Tuesday, January 31, 2012

A Dream and A Book Review


I have a reoccurring dream that all of civilization resides on various platforms atop seemingly endless pillars in the sky. The way to get from one platform to another is always very difficult and dangerous.
One of the ways to get from place to place was roller coaster-like contraptions that would swing up, changing every few seconds.  They would switch entrances to intice you with, from a flashy McDonald's sign sporting a large, frankly creepy Ronald McDonald clown, to a simple portal leading to the grocery store.
The way to board one of these swirling, precarious tubes was to jump from your platform into it.
Sounds easy enough, until you take into account the empty space beneath you leading to fluffy, white, unsupportive clouds.
I've always had a bit of a fear of heights, and my usual way of getting past my fear in the real world is to estimate how high up I am, calculate how high I have been in the past (say, while riding in an airplane) and tell myself "I've been higher than this before."
This method, while effective in my usual physical surroundings, has no use in dream world; I am up above thick clouds where I have no idea how high I am, for I cannot see the earth, or whatever planet I am perched above, and thin atmosphere is not an issue, so I don't even have whether or not I can breath to give me a point of reference.

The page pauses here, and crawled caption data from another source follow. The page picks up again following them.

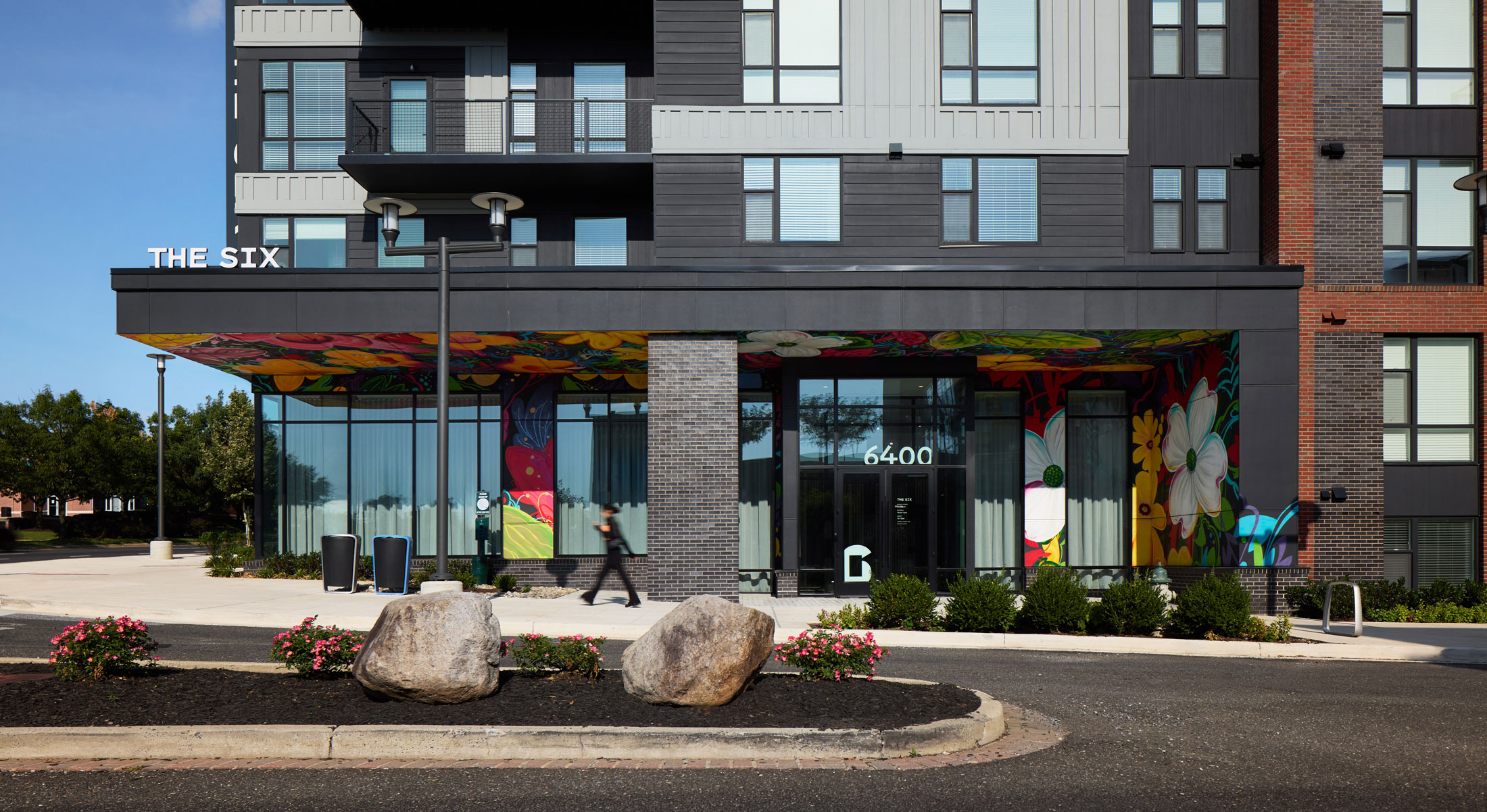 The Six @ University Town Center | Hyattsville, Maryland | Project by BCT Design Group
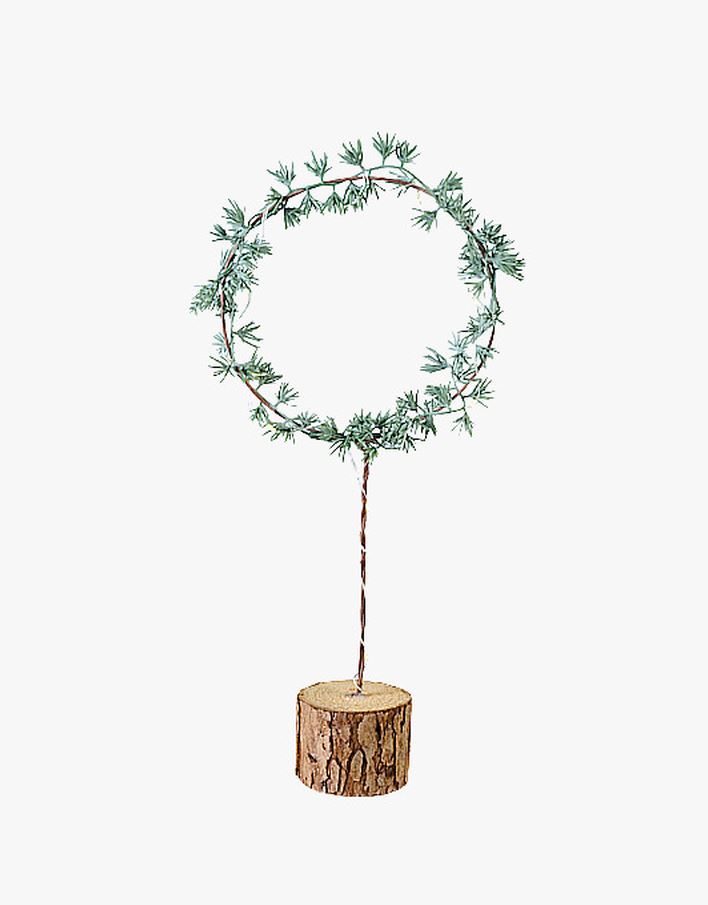 Led-kaunistus mitmevärviline/roheline - 15x6x30 cm mitmevärviline/roheline - 1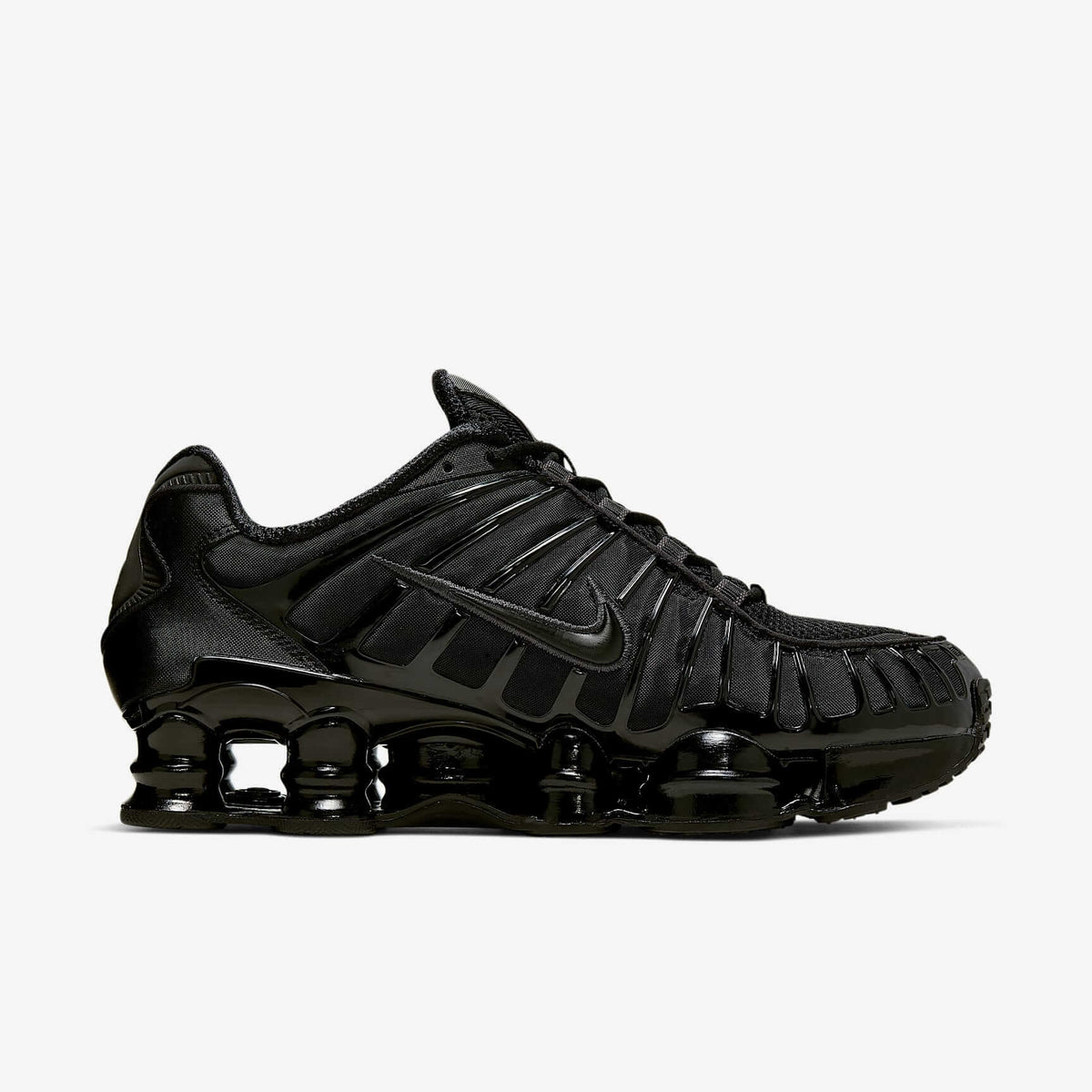Мъжки маратонки Nike Shox TL Black Metallic Hematite - AV3595-002 – снимка 3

I am usually a small child in these dreams, with some sort of mother figure with me whom I cling to.
It is so windy on these minuscule islands that I feel as if I could blow off of at any moment, so I hold onto whatever I can, be it the aforementioned parent or a seemingly sturdy piece of architecture. 

A book I've been trying to finish for the past four months finally, mercifully, ended (more accurately, I skipped to the end because I could not bare the author's anthropomorphic comments about her horses anymore, among other idiotic behavior she boldly displayed) without much character growth and no change to the plot other than a horse the author was trying to nurse back to health had to be put down because of a fatal tumor.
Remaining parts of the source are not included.